本荘 彼女はお客に掃除について4段階で評価したうえで、その理由をコメント欄に書いてもらうことにしました。すると、多くの人が、スタッフの仕事がどんな変化をもたらしたか具体的に説明してくれた。「子どもと過ごせるようになった」とか「家事をめぐる喧嘩がなくなり、夫婦仲がよくなった」とかね。最高評価のケースはオフィスの壁に掲示しました。

清水 うちでは、お客様がInstagramに料理写真をアップされていることも多く、「おいしかった」「後片付けもしてもらえて助かった」など感想が書かれていると励みになりますから。クリステンさんのやり方もさっそく参考にしたいと思いました。

この本でもうひとつ、興味深かったのはクリステンさんの「共感力」の高さ。人に嫌われることを恐れ、強く出ない彼女のリーダーシップは、正直、違和感があったのですが、「じつは共感力こそこれからの組織運営においてきわめて重要な資質なのでは」と思いました。

リーダーといえば、男性はどうしてもカリスマ型リーダーをイメージしやすいですが、これからの組織はカリスマ型では限界がある。ゆとり世代は「承認してもらいたがる」「仕事に意味を求める」というけれど、それは40代も60代も同じで、本来誰しも持っている願望だと思うんです。彼女のように、誰かを応援し、その人の成長を心から喜べるタイプこそ、今後求められるリーダーなのでしょう。

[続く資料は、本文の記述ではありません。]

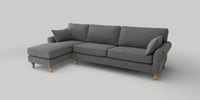 Medium Sofa Chaise - Left Hand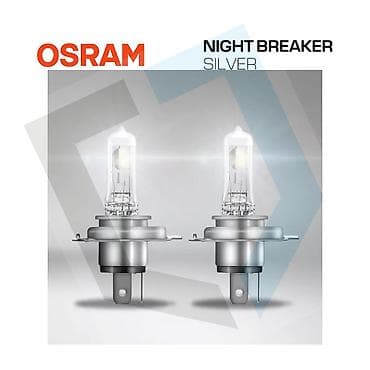 Transport: Sa NIGHT BREAKER SILVER, OSRAM nudi halogenu automobilsku lampu sa at lalafo.rs — 4 Transport: Sa NIGHT BREAKER SILVER, OSRAM nudi halogenu automobilsku lampu sa — 4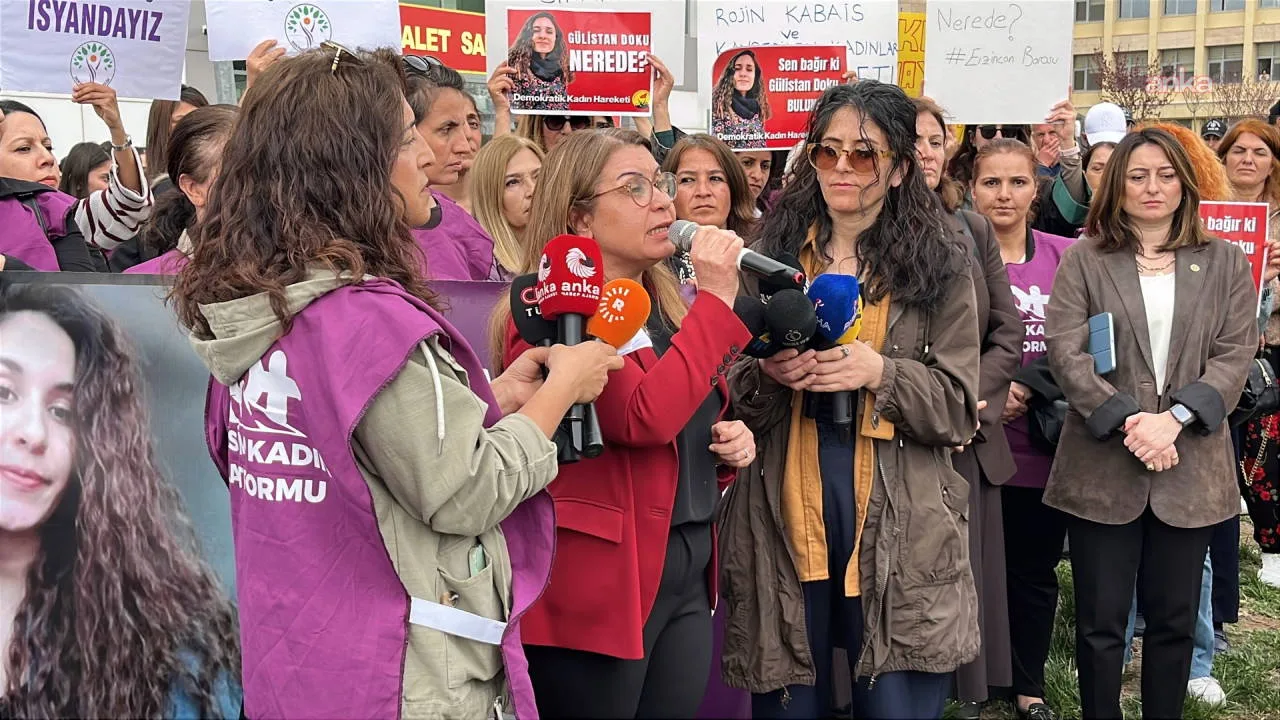 Gülistan Doku İçin Adalet Arayışı Devam Ediyor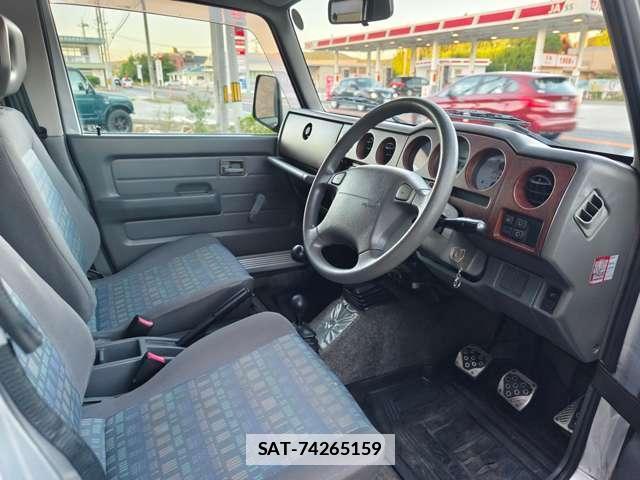 Suzuki JIMNY 1997 7808464-9
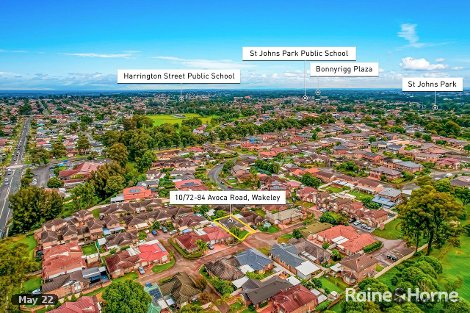 10/72-84 Avoca Rd, Wakeley, NSW 2176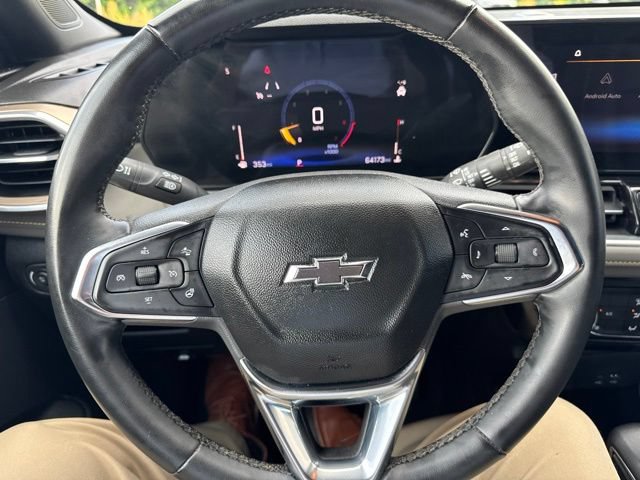 Used 2024 Chevrolet TrailBlazer ACTIV FWD image 18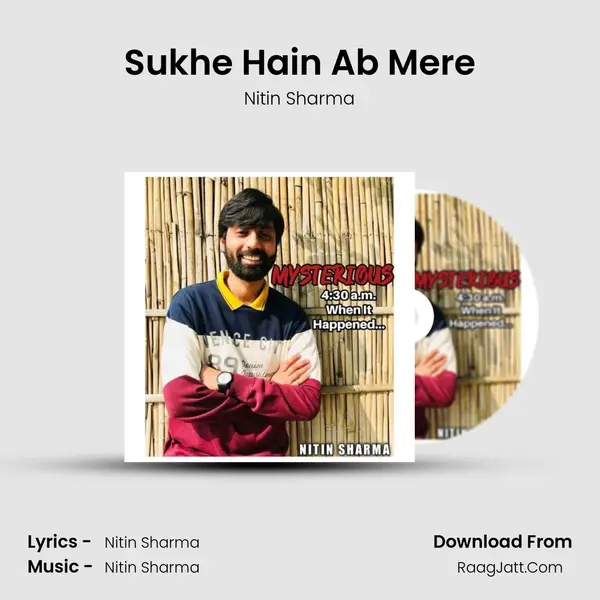 Sukhe Hain Ab Mere MP3 Song by Nitin Sharma Cover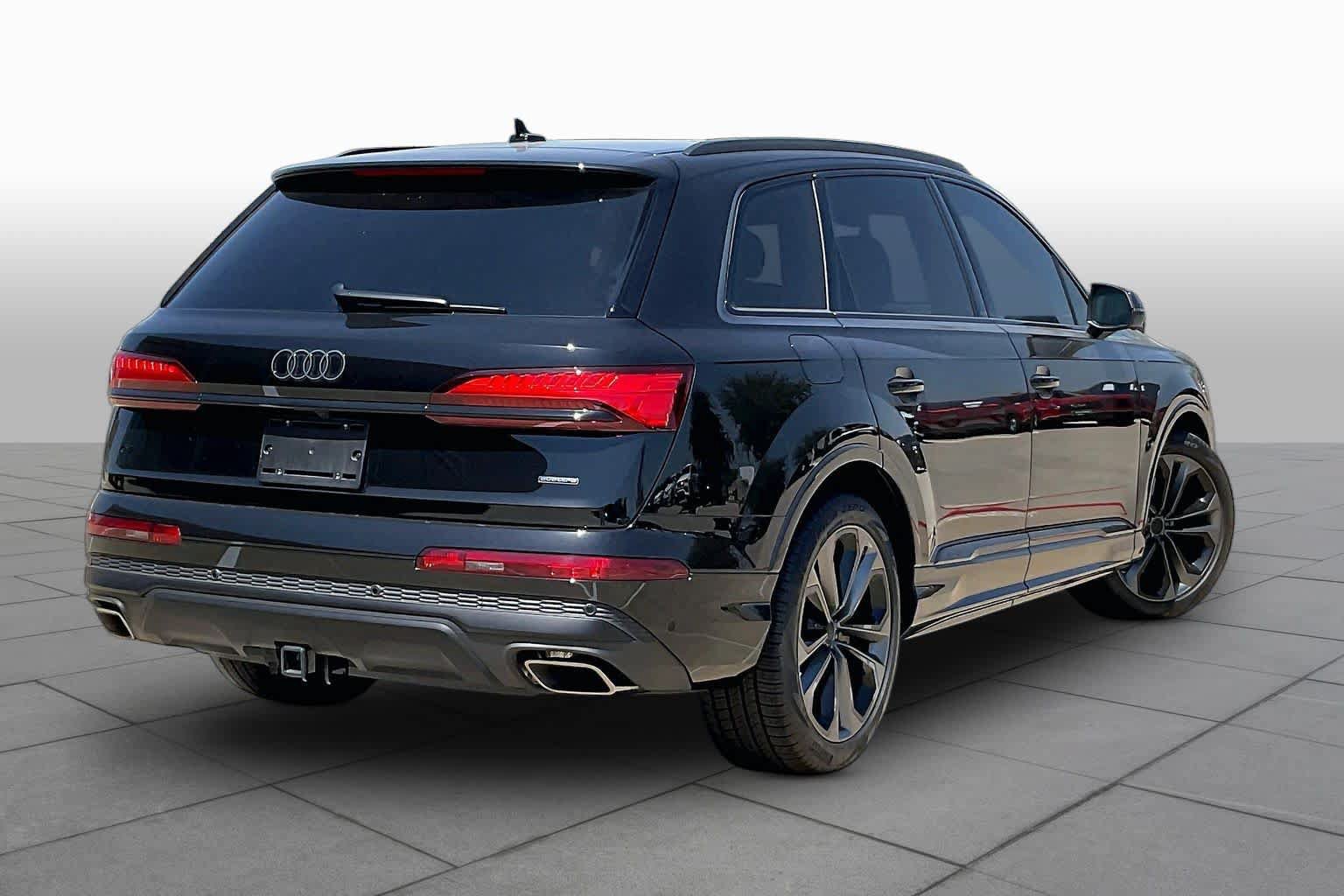 Used 2026 Audi Q7 3.0T Premium Plus AWD/4WD image 13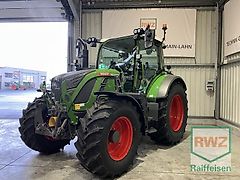 Fendt 516 Vario Gen3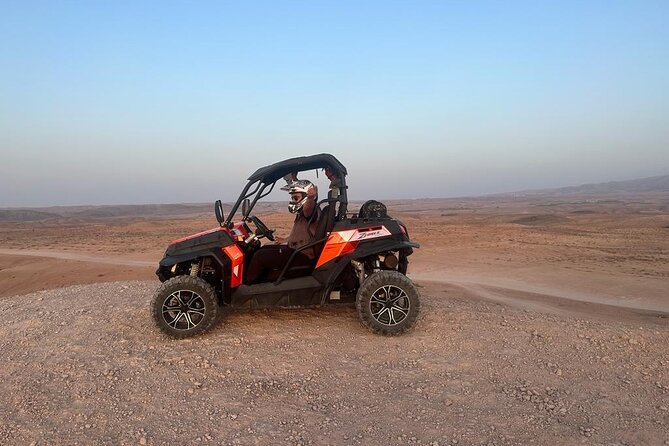 2 Hours Buggy in Agafay Desert - Pricing Information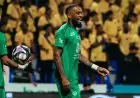 الأهلي يكشف تفاصيل إصابة إيفان توني الهداف خلال المران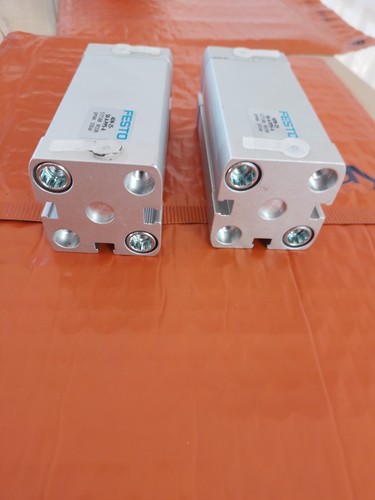 CILINDRO COMPACTO FESTO ADN-25-50-A-PPS-A IDENTIT 577188 STOCK SIN USAR - Imagen 4 de 10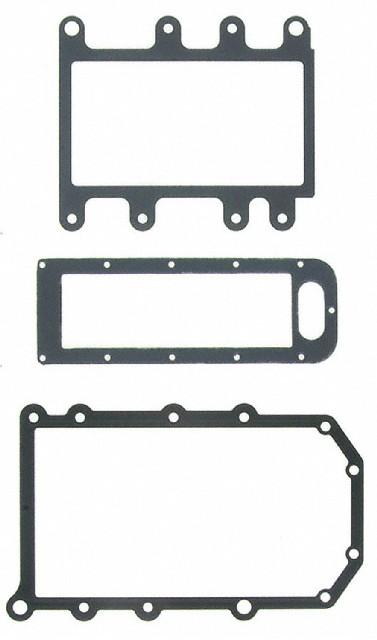 FEL-PRO Fuel Injection Plenum Gasket Set P/N:MS 96374
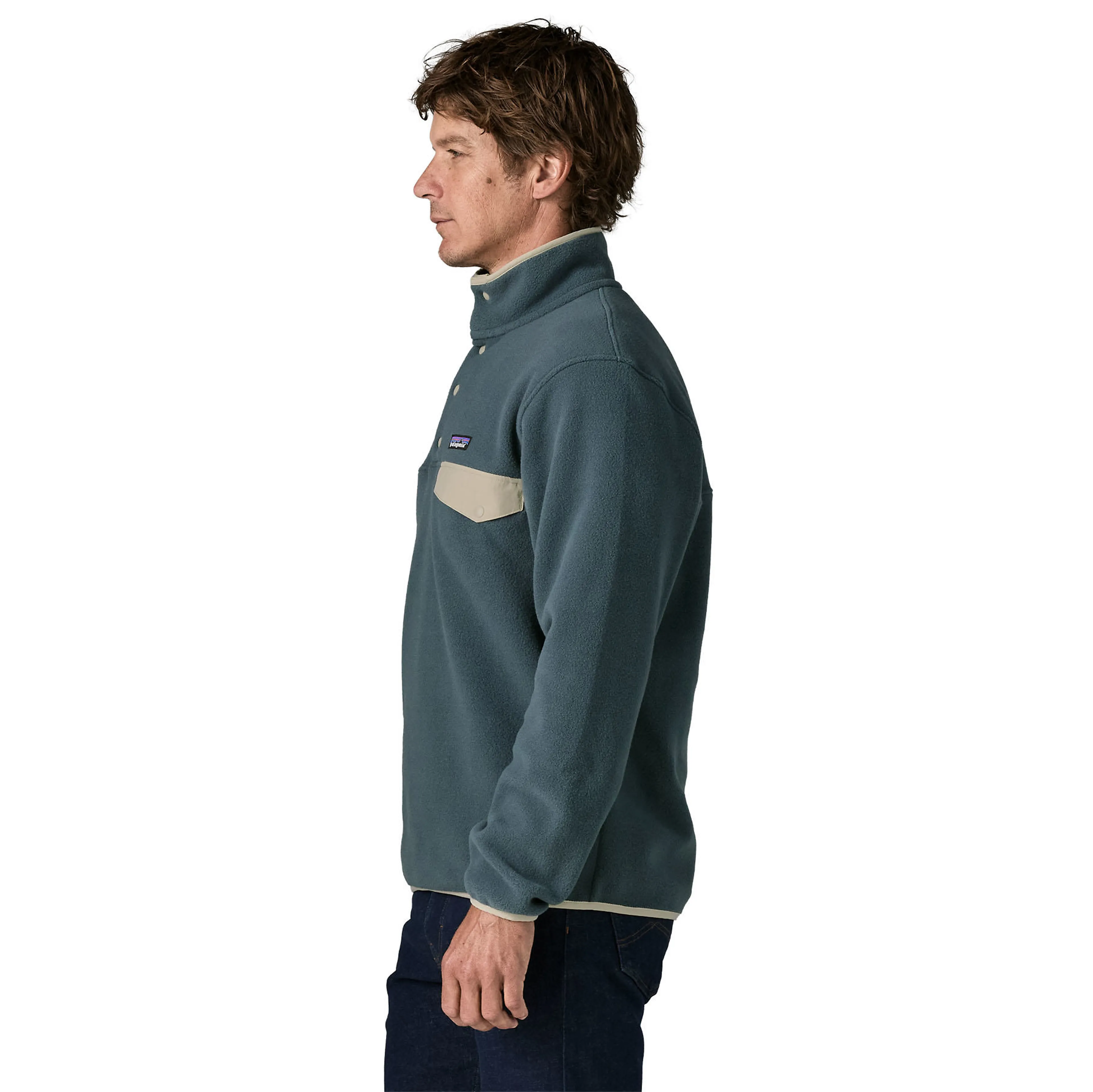 M's LW Synch Snap-T P/O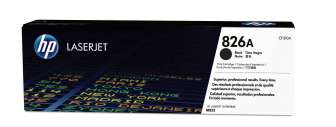HP NO 826A CLJ M855dn musta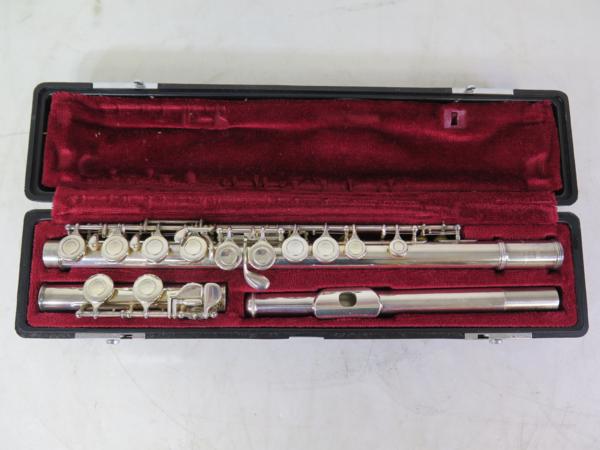 YAMAHA ヤマハ フルート YFL-211S ○ 45930-1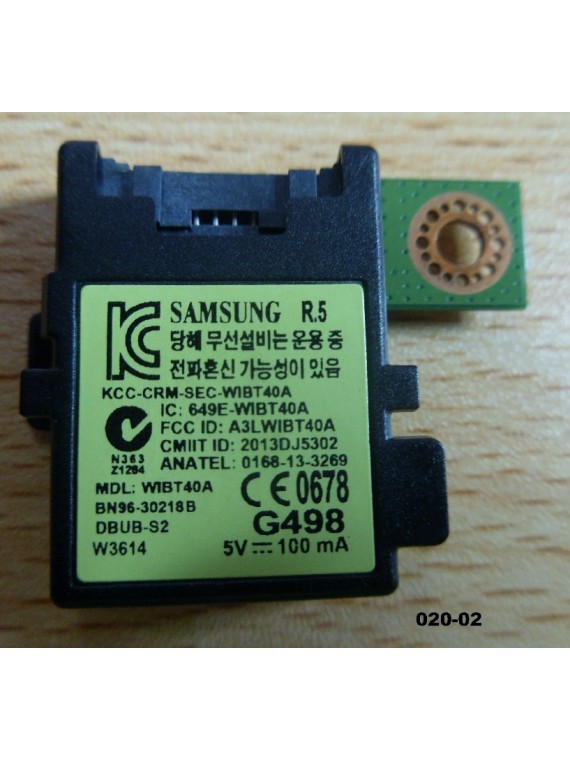 BN96-30218B - MÓDULO BLEUTOOTH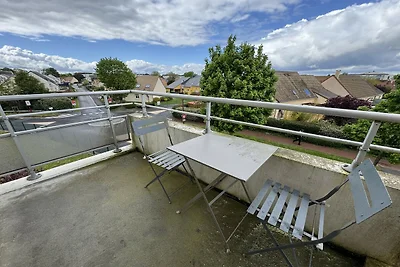 Wohnung in Le Mans nahe Rennstrecke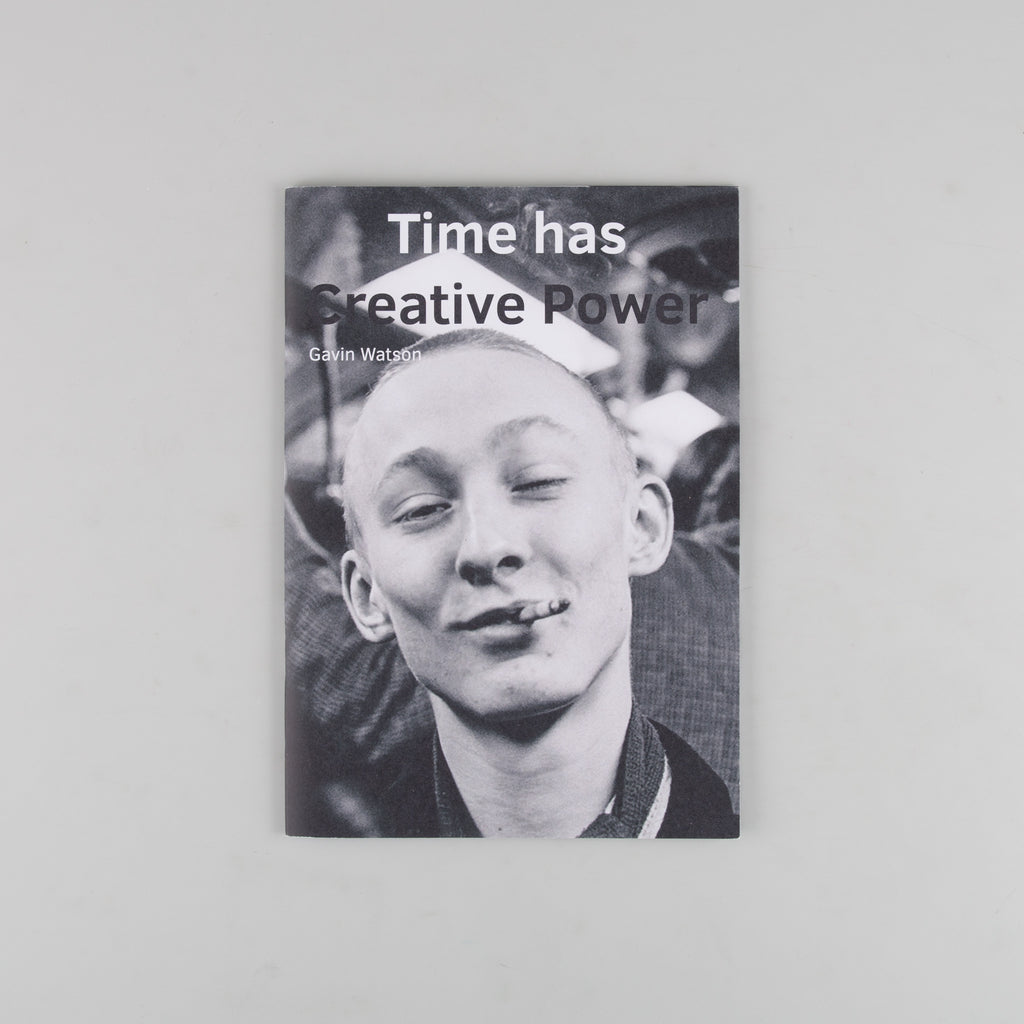 Time Has Creative Power by Gavin Watson - 9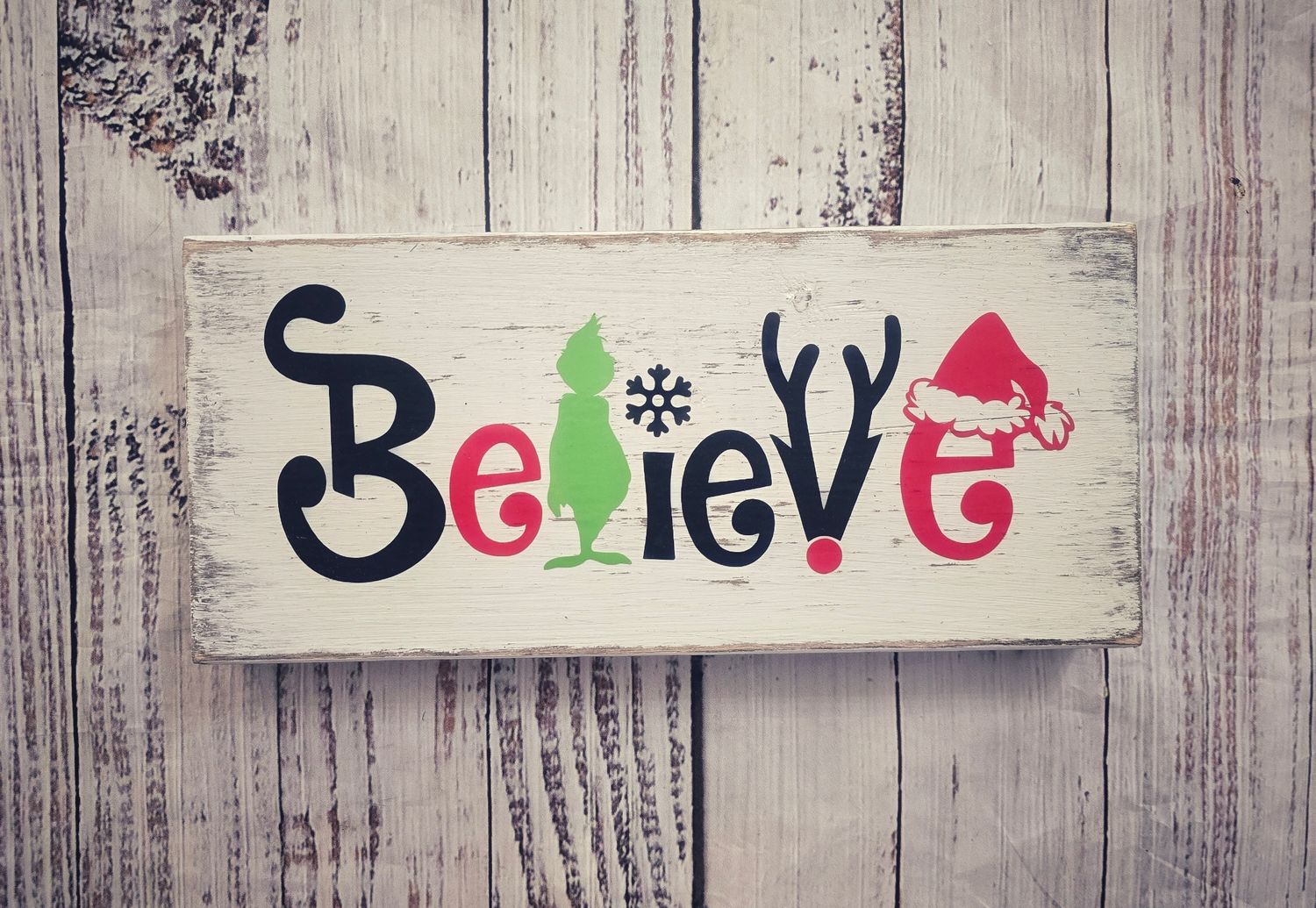 Believe Block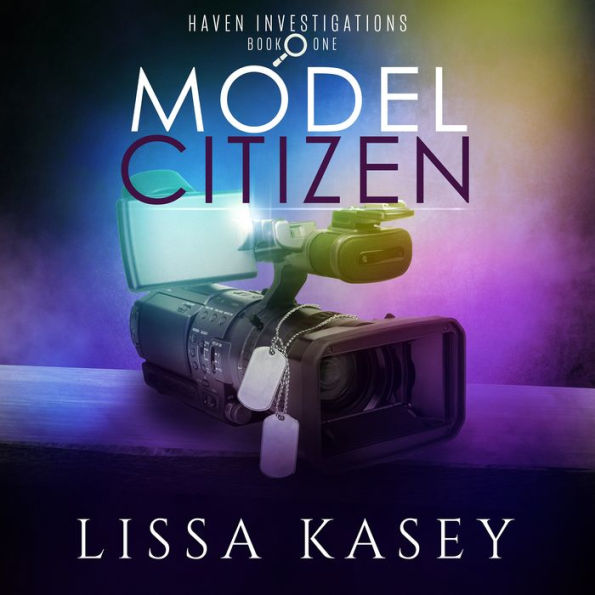 Model Citizen: Gay Private Investigator Mystery Romance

本荘 女性リーダーの特徴かもしれませんね。アメリカの研究では、女性比率が一定以上の組織のほうがパフォーマンスが高いことがわかっています。女性のコミュニケーション力がプラスに働くんでしょう。男はどうしても他人に対して鎧を着るところがありますから。

清水 まずリーダーが鎧を脱ぎ、自己開示することで、相手との信頼関係も深まる気がします。グーグルがマネジメントで重視している要素に、「心理的安全性」(メンバーが安心して自分をさらけ出せること)がありますが、クリステンさんは、鎧を脱いで心理的安全性を高めるアプローチをいろいろ試しているんですよね。自分のように20世紀に生まれ育ったおじさん起業家、管理職にとっては、すごく新鮮で、学びに満ちた取り組みだと思います。

本荘 20世紀の日本企業は、そもそも心理的安全性を築くのは上手だったはずなんですけどね。ホラクラシーで知られるザッポスを日本人が見学に行くと「あら、なぜ日本人が? 運動会をやったり、社員同士、家族ぐるみで付き合ったりしてすごく家族的なんでしょう?」って驚かれたりする。我々は効率化を追うあまり、コミュニケーションをさぼりすぎたのかもしれませんね。

ところで、苦笑いしながらこの本を読み終わった今、清水さんはどんなことをやりたいと思っていますか?

清水 こんなふうに違和感を抱きつつ読める本、つまり従来の自分の価値観に抵触する本ほど学びになると思っています。その意味でクリステンさんのチャレンジにはモヤモヤしつつも、すごく刺激を受けました。

今後は外出しづらい人々にもっとマイシェフクイックのことを知ってもらい、活用していただきたいですね。同時に、自分の世界を広げたい人にサービススタッフとして活躍してほしいなと。しばらく前に自分のスキルを活かしてボランティア活動するプロボノが話題になりましたが、好きなことで社会貢献できる場所として、どんどんマイシェフクイックを活用してもらいたいです。